Tuesday, June 10, 2008


The above is a satellite image of Mono Lake, the largest salt water lake in California. It distinctly shows the 3 islands, Pahoa (largest), Negit (the black one) and Gaines (the newest, a result of falling lake levels and named after Mono activist David Gaines), that make the lake a major migratory bird nesting hot spot. The lake resides just to the right of Yosemite and in a volcanically active section of the state.

I grew up nearly biologically connected to the lake, as my mother worked for the Mono Lake Committee (MLC). I have floated in it's ridiculously salty water. Played for countless hours on it's shores and napped in the back of the visitors center during board meetings. Strangely after all of that, this was my first trip in nearly 20 years back to the lake. I was shocked at how healthy the ecosystem of the area and the lake itself looked.

The last time I was at the lake, it was dying. The DWP was diverting water from its tributary watershed (to quench Los Angeles' thirst) at an alarming rate. The MLC was desperately trying to save this unique ecosystem - but it was looking like a loosing battle. Then in 1994 a landmark decision was made that began to return water to the lake. Slowly Mono is rising. Each year the MLC continues the fight and hopes for good snow pack. After all snow is the only thing that feeds the lake. But the lake could still die. The '94 decision is not a law and is nearly constantly revisited - especially in years of drought, when Los Angeles hungers for water. Like this year. In fact the lake is down 2 ft. from last year. Thus Mono's recovery continues but is not certain.

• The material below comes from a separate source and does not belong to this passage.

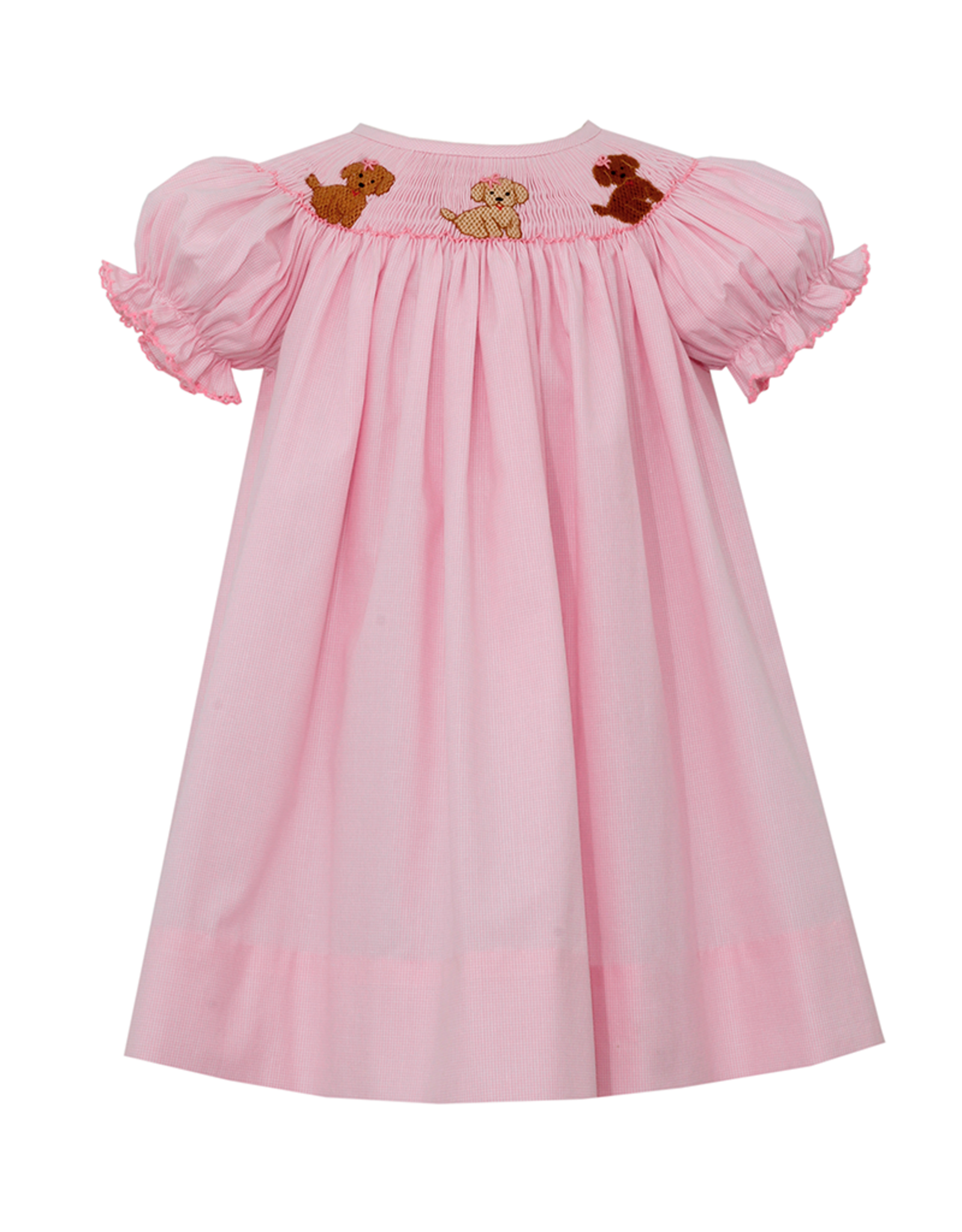 Petit Bebe Pink Puppies Smocked Bishop Dress Spoiled Sweet
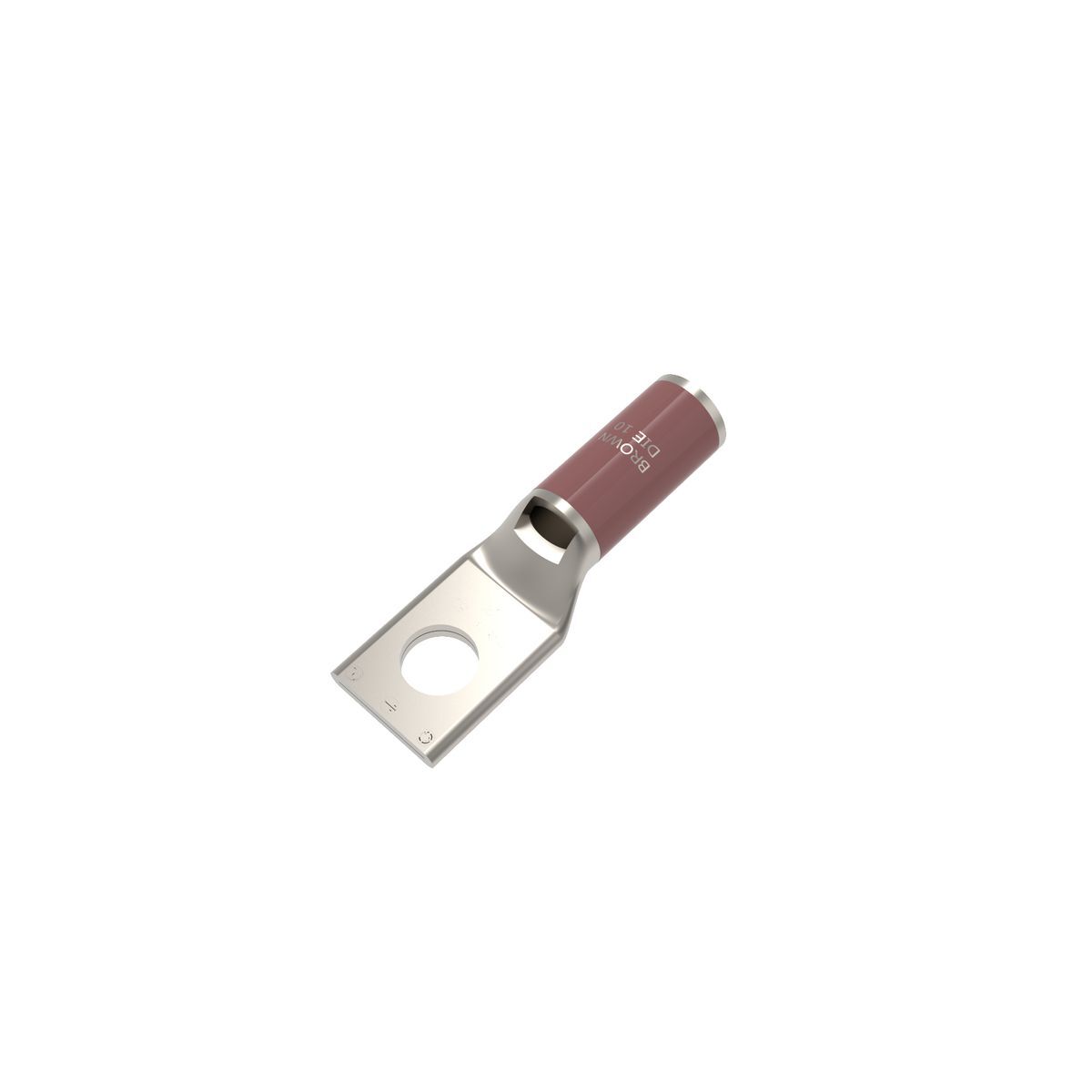 2 AWG CU, One Hole, 3/8 Stud Size, Standard Barrel, Inspection Window, Internal Chamfer, Tin Plated, UL/CSA 90? Up to 35kV, BROWN Color Code, 10 Die Index.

But I am hopeful that as we go green, conservation will become our prevailing frame of mind. I rejoined the MLC on this trip and I invite all of my readers to research the committee and perhaps decide to join for themselves. It is a worthy cause if there ever was one.

And in case anyone still believes that a lake of this size cannot die, I invite them to Owens Lake. Or rather the dusty bed where the lake used to reside.